We seek and shelter spiritual refugees, rally health for all who come, and fortify every tender soul with the strength to follow Jesus into a life of world-changing service.

OUR MISSIONAL PRIORITIES:

1. We do justice for LGBTQ+ people, and support the people who love them.

2. We do kindness around mental illness and mental health and celebrate neurodiversity.

3. We do beauty for our God-Who-Is-Beautiful.

4. We do real relationship, no bullshit, ever.

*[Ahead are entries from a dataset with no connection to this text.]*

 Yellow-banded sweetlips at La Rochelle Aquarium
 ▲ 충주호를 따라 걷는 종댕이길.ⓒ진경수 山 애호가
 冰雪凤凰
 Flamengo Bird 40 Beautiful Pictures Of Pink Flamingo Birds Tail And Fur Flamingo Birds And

5. We do whatever it takes to share this good news with the world God still loves.

Trying to find us IRL?
Mail here: P.O. Box 668, Kennedale, TX 76060
Worship here: 5 pm CT Sundays; 5860 I-20 service road, Fort Worth 76119

Trying to find our Sunday worship livestream?
galileochurch.org/livestream

NSFC: Spirituality, Sex, and Longing in the Song of Songs

May 31, 2026 - July 5, 2026

The liturgical season of “Ordinary Time” or “Sundays After Pentecost” is long – summertime and most of the fall (up to Advent). So we’ll have several short series this season.

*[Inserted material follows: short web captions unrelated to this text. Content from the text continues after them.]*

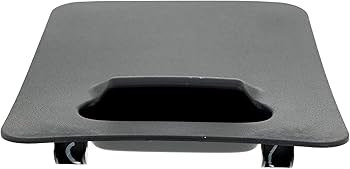 Amazon.com: Polaris 5454122 Black Engine Access Door Panel RZR
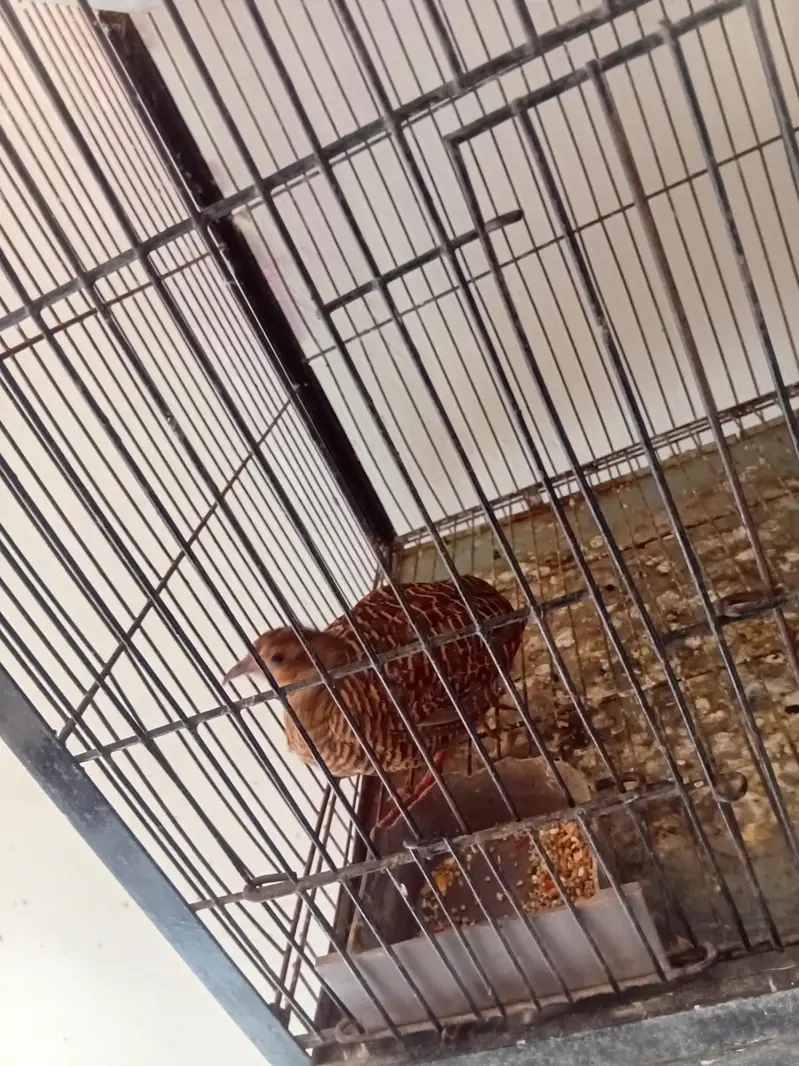 love birds and cocotel totel 9 pce 3 love birds nd 5 cocotel — photo 3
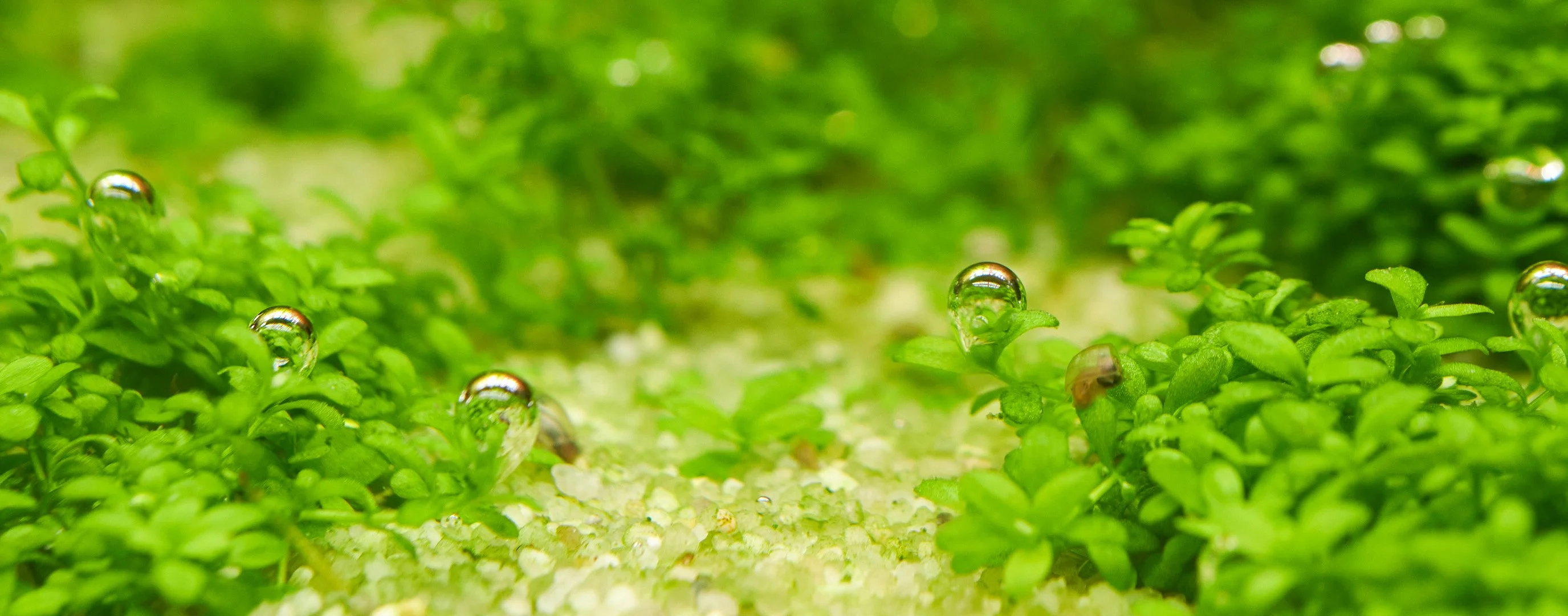 Baby ramshorn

First up: let’s read the entirety of the Song of Songs. This epic poem is categorized as “wisdom literature” in the Hebrew Bible, which gives us pause because it is one of two biblical books that never mentions God. (The other is Esther.) And the Song of Songs is very, very, very sensual- unto-sexual. Why is this erotic poem included in the canon? And why, especially through the Middle Ages, has it inspired the church’s most prominent theologians to return to it for theological wisdom again and again?

We’ll use a traditional outline to divide the book into 5 readings. Each of the first 4 readings ends with a short address to the “daughters of Jerusalem,” perhaps written by an editor to form the “stitching” that weaves separate love songs together in this compilation into one piece.

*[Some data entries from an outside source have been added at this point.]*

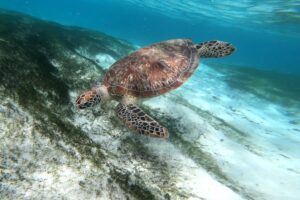 tortue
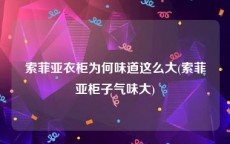 索菲亚衣柜为何味道这么大(索菲亚柜子气味大)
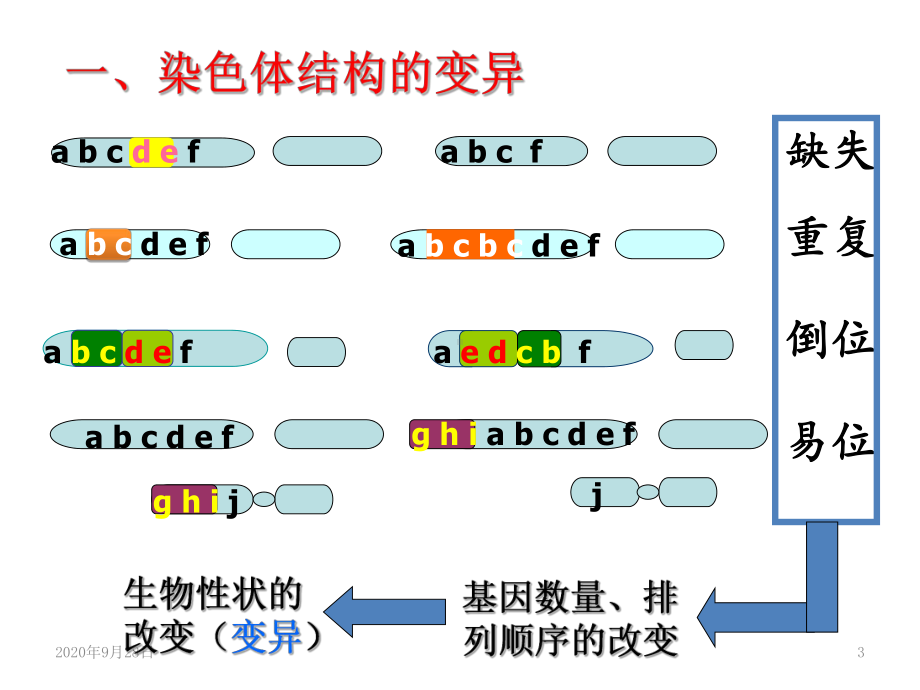 高三一轮复习-染色体变异课件.ppt_第3页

Each of these weeks is titled “[Blank] is Sexy.” Sexy is not a useful category for everyone if it refers to actual sex – but it is a useful adjective in this context for what is good, true, beautiful, right, and necessary.


NSFC: Spirituality, Sex, and Longing in the Song of Songs 1/6
Rev. Dr. Katie Hays

Your Body is Sexy. We can’t get around it in the SoS – bodies are beautiful, especially in the eyes of someone who knows and loves your body. And sex, too, as something (most of) our bodies want, is sexy and good and blessed and biblical.